Presumably, The Gipper's birthplace realized that Sam & Jan don't really have the deep pockets they're looking for, so they've set their sights on CLA, a firm that had over $500 million1 in revenues in 2012. They claim CLA/CG should have known that Rita was thieving this whole time. Funny thing — they might be right!

CliftonLarsonAllen knew about the secret bank account former comptroller Rita Crundwell used to steal nearly $54 million at least as early as 2010 – and did not investigate it, according to court documents.
The city is suing the accounting firm, one of the largest in the United States, claiming it should have detected Crundwell’s theft and asking for damages in excess of $53 million.
Documents filed in Lee County Court to add Ron Blaine and Todd Etheridge of Clifton to the suit, filed by the city’s attorney, Devon Bruce of Power, Rogers and Smith in Chicago, show that Clifton knew of the account, which it confirmed had a balance of $142,000.

Okay, admittedly, that looks pretty bad. Really bad, in fact:

In a deposition, Megan Shank, a certified public accountant for Clifton in its Dixon office, confirmed that she worked on the city’s account and that she received a response from Fifth Third Bank identifying the account Crundwell used to steal money as one that was not on a list of city accounts.
When Bruce asked what was done with that information, Shank admitted nothing was done.
“If a jury and a judge rule that Clifton was doing an audit in 2010, do you agree with me that Clifton deviated from the standard of care in not investigating the existence of the 9530 (RSCDA) account?” Bruce asked her in the deposition.
“Yes,” Shank said. “There’s no documentation of further looking into that account.”

So you receive a confirmation from a bank that has a mystery account on it but you bother asking about it.
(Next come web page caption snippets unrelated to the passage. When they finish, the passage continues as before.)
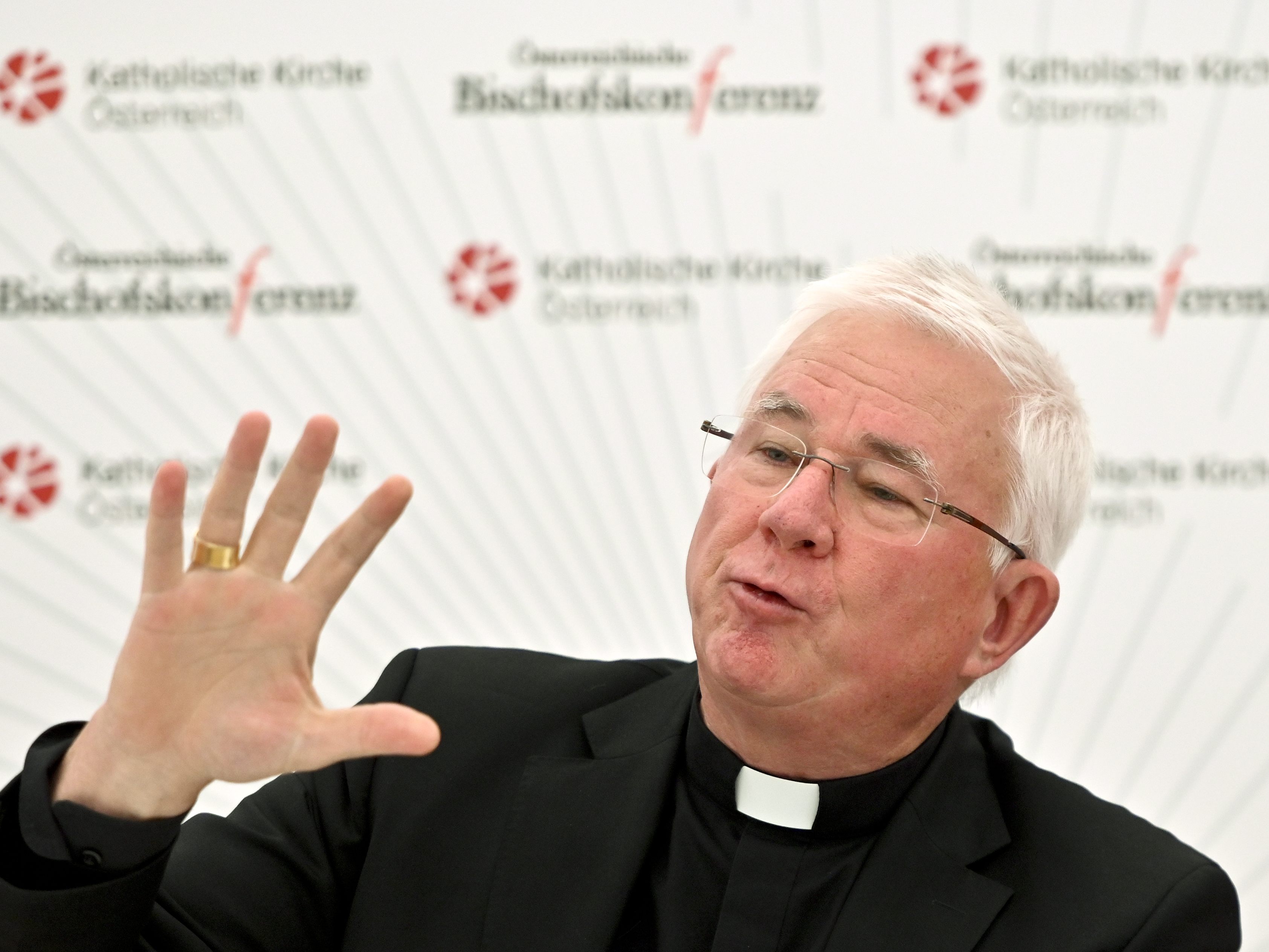 Lackner und Nehammer berichteten von "einem sehr guten Gespräch". Lackner und Nehammer berichteten von "einem sehr guten Gespräch".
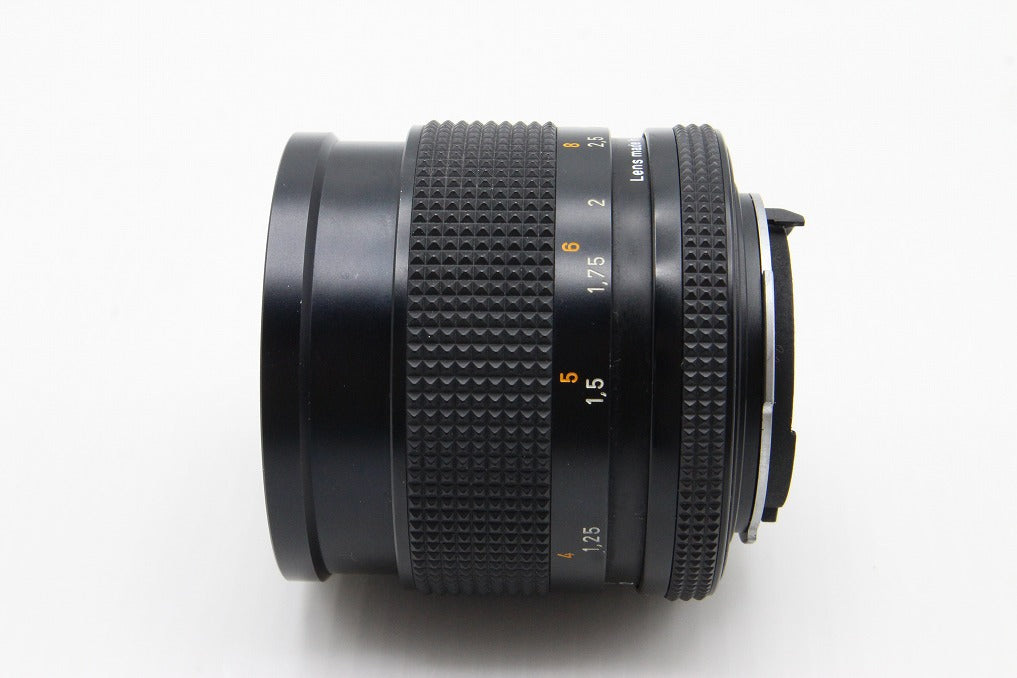 良品 CONTAX Carl Zeiss Sonnar T* 85mm F2.8 AEJ ヤシコンマウント CY Mount 単焦点レンズ フィルター付 260203ag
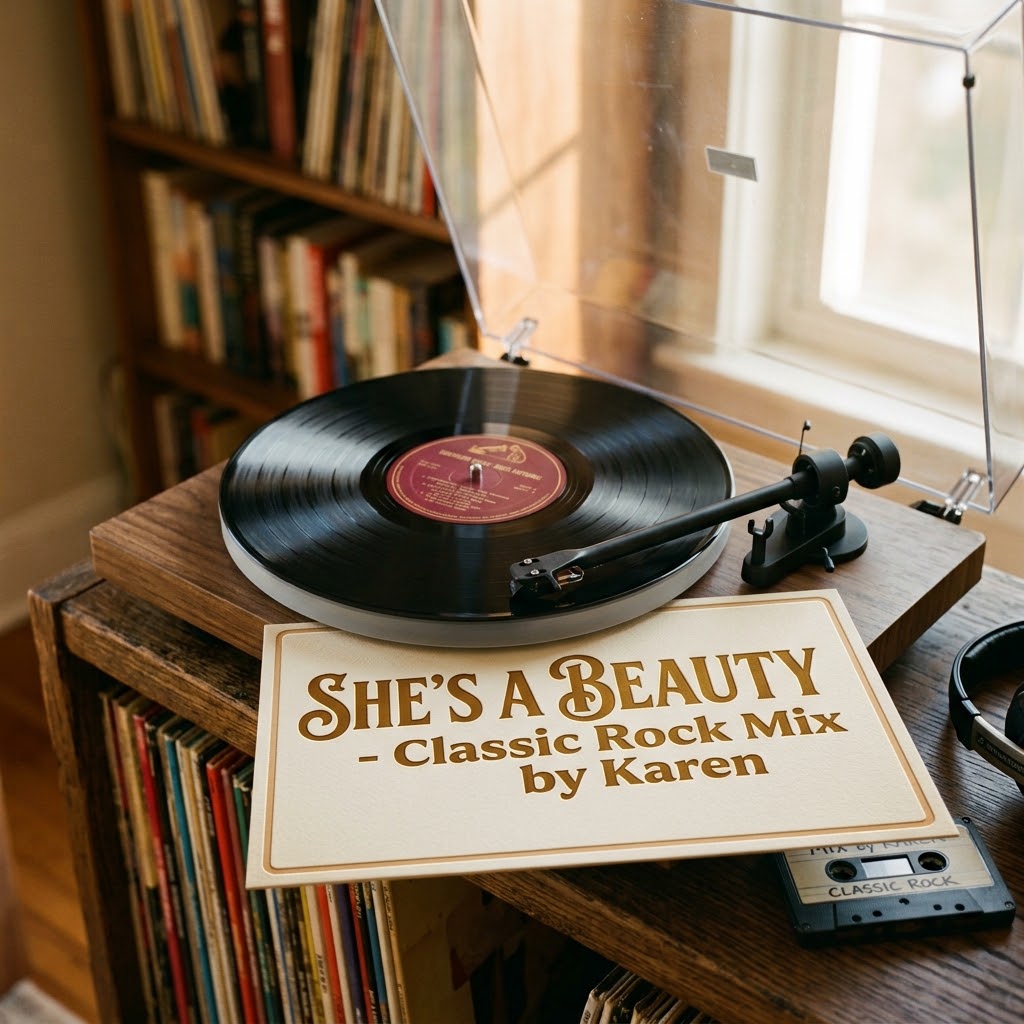 🎸 She’s a Beauty: 70s & 80s Southern Rock Workout Mix! 🔥 Southern rock classics are having a major moment in class lately, so we’ve rolled out the ultimate high-energy vintage playlist! Expect gritty guitar riffs, driving rhythms, and pure stadium energy to power you through your next sweat session. Mix Highlights: • Cardio Push: "Jane" (Jefferson Starship), "Fortunate Son" (CCR), & "Girls, Girls, Girls" (Motley Crue) • Southern Heavyweights: A double shot of Lynyrd Skynyrd & .38 Special + a triple play of ZZ Top! • Feel-Good Vibes: Bellamy Brothers' "Let Your Love Flow" + a special remix of Kid Rock's "All Summer Long" ☀️ Clean, upbeat, and PG-rated—perfect for group fitness, running, or cranking up in the car. 👇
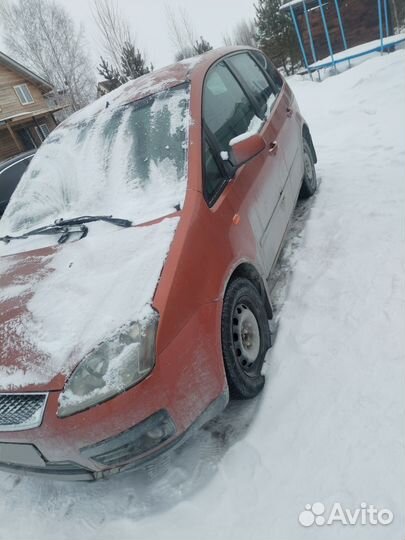 Ford C-MAX 1.8 МТ, 2003, битый, 200 000 км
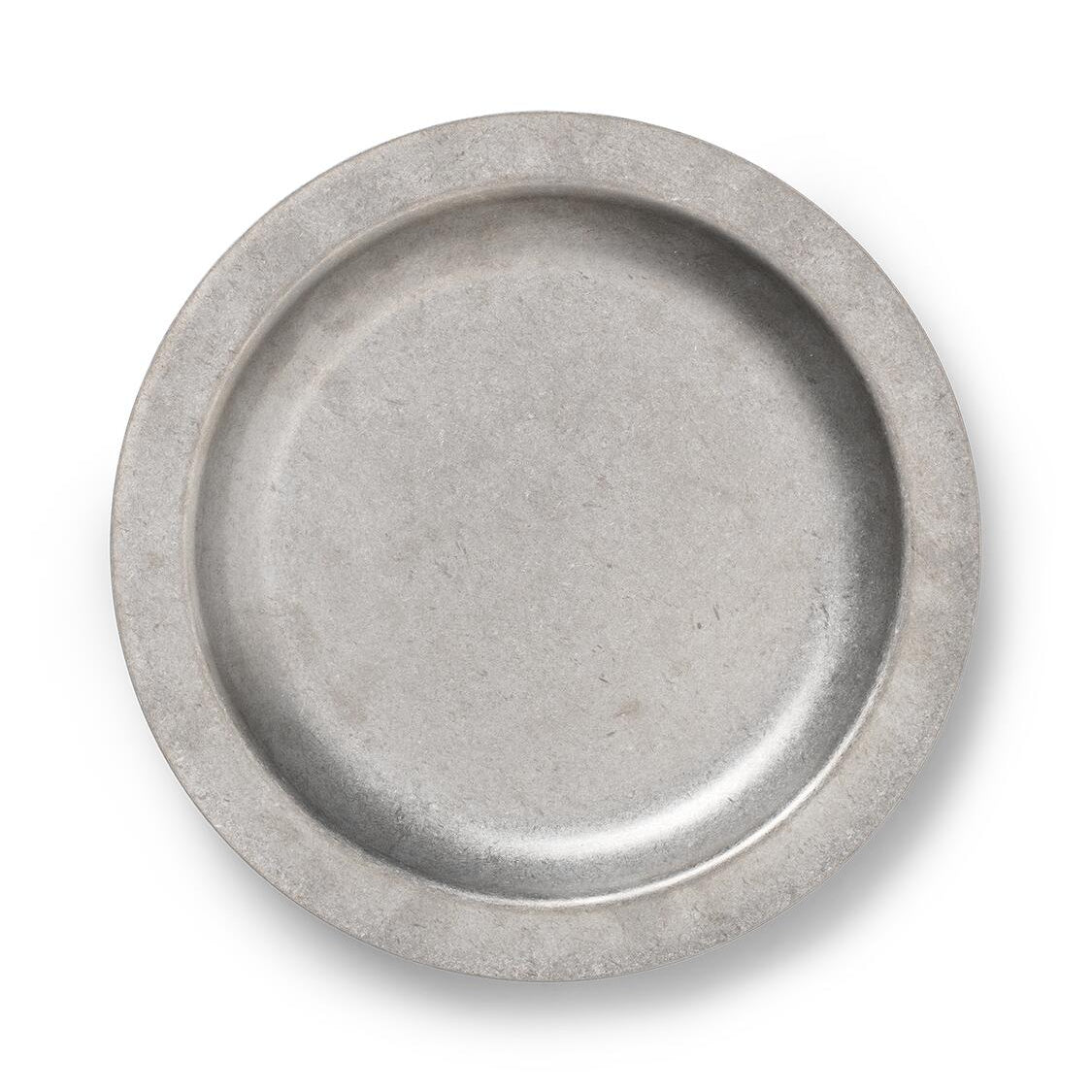 Tumbled frokosttallerken, Ø20 cm - Stainless Steel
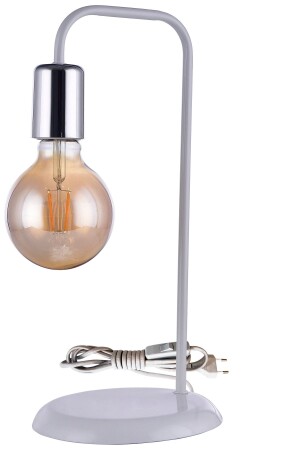 (MNZ-Cordoba Lampshade White PA) 0204 - polataydinlatma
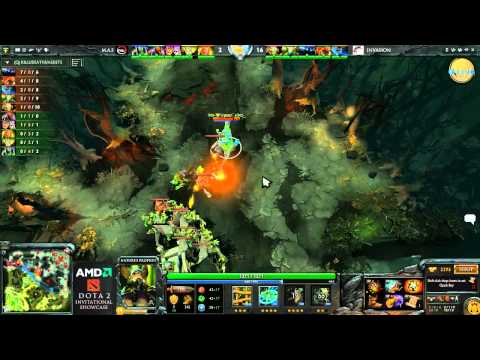 AMD DotA 2 Invitational Tournament 2013 - Match G (Loser's Bracket) : Invasion Esports vs MalayAllSt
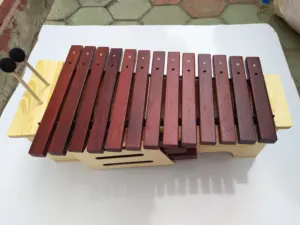 Hot販売Promotion Price Wooden Bar Xylophone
In an audit, that's a big no-no. But the firm wasn't doing an audit! Since the firm claims they were simply compiling the financial statements, no investigation was warranted. Seems odd, but that's technically correct. I guess?

Dixon is also saying that CLA/CG should have "evaluate[d] 179 phony invoices Crundwell fabricated to steal city funds." Huh! For a compilation? 

If CLA/CG has a prayer in this case, here it is — a couple of "General Procedures" from a fairly recent "General Compilation Engagement Checklist" from the AICPA:

With Regard to Establishing an Understanding With the Client:     
Did the accountant establish an understanding with management regarding the services to be performed and document the understanding through a written communication with the client? Did the accountant ensure that the understanding included the objectives of the engagement, management’s responsibilities, the accountant’s responsibilities, and the limitations of the engagement? 
With Regard to a Change in the Scope of the Engagement:     
If the accountant was engaged to perform an audit in accordance with GAAS or was engaged to review the financial statements in accordance with SSARSs, prior to agreeing to change the engagement to a compilation, did the accountant consider (a) the reason given for the client’s request, particularly the implications of a restriction on the scope of the audit or review whether imposed by the client or by circumstances, (b) the additional audit or review effort required to complete the audit or review, and (c) the estimated additional cost to complete the audit or review? 

Isn't that interesting, man? If CLA/CG did the "establishing an understanding" then Dixon would have been perfectly aware of what the firm was doing and, more importantly, what they are NOT doing. Now, if there was "a change in scope" that's a different story but nothing in the article indicates that the former conversation DIDN'T happen or that the latter conversation DID happen. If that's the case, shouldn't that get CLA off the hook?

I don't know! Professional standards are great and all, but sometimes in court it doesn't make any difference. If a judge and/or jury decides that auditors/accountants were grossly negligent despite evidence that shows that they checked all the right boxes, it won't matter. Clifton is one of the most deft box-checking firms out there but it will be tough convince anyone they aren't liable just because they complied with professional standards.

CPA firm knew about secret bank account [SK]

1 Or something. I just rammed together the two firms' revenues, per Accounting Today.